What to do> Your output should be the lines below from the one holding "Rose Floral Sugar" through the one holding "(3 pack) Mainstays", transcribed exactly, with no pictures.

[Scraped caption text data]
# # # #
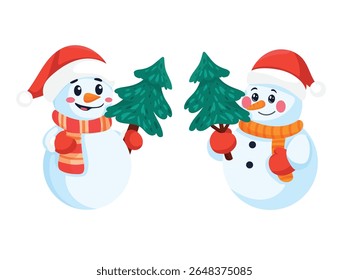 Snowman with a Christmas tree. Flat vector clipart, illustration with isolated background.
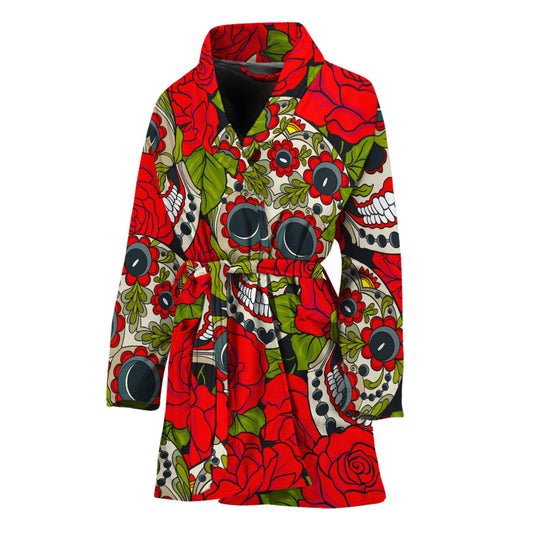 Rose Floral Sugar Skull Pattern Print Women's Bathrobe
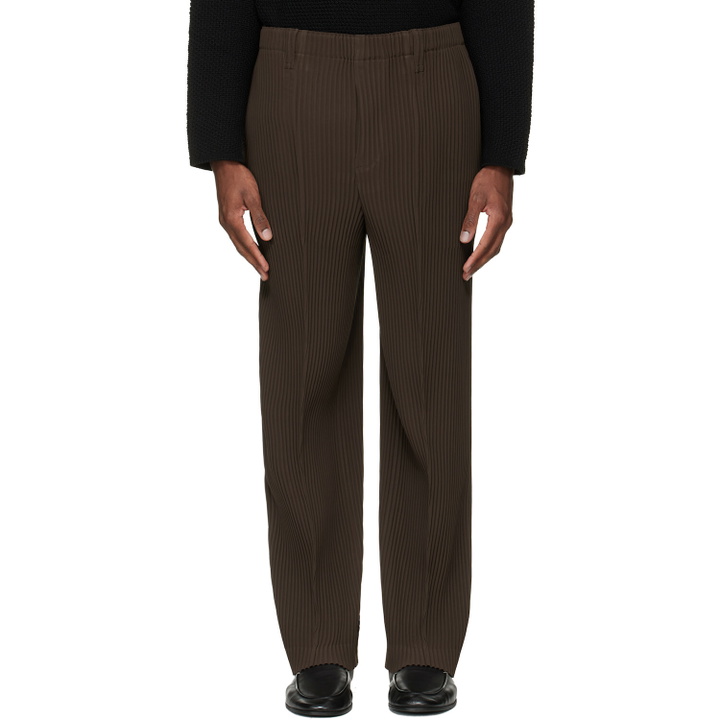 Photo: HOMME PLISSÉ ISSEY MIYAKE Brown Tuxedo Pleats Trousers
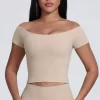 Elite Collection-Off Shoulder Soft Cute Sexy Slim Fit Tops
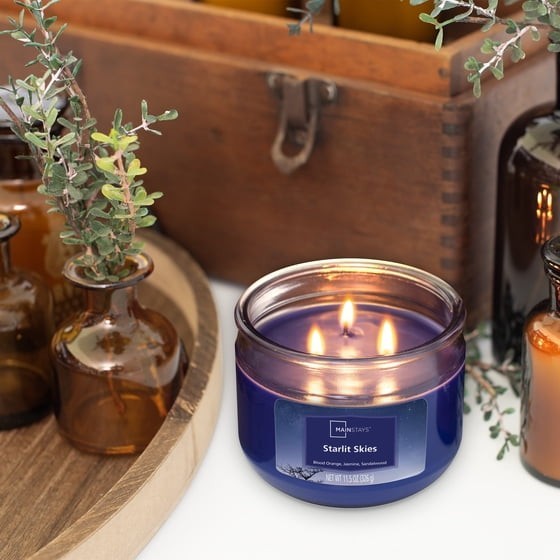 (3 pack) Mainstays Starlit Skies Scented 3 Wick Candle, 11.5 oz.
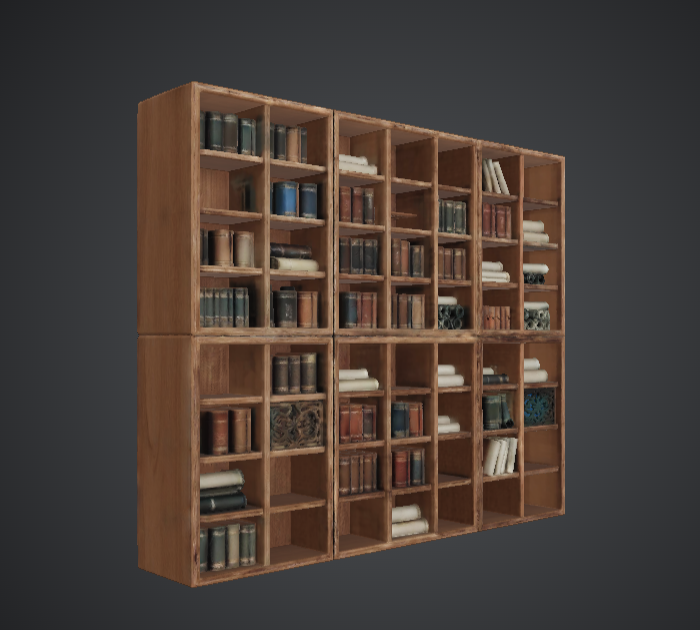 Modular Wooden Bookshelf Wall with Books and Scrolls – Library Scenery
# # # #
Output>
 Rose Floral Sugar Skull Pattern Print Women's Bathrobe
 Photo: HOMME PLISSÉ ISSEY MIYAKE Brown Tuxedo Pleats Trousers
 Elite Collection-Off Shoulder Soft Cute Sexy Slim Fit Tops
 (3 pack) Mainstays Starlit Skies Scented 3 Wick Candle, 11.5 oz.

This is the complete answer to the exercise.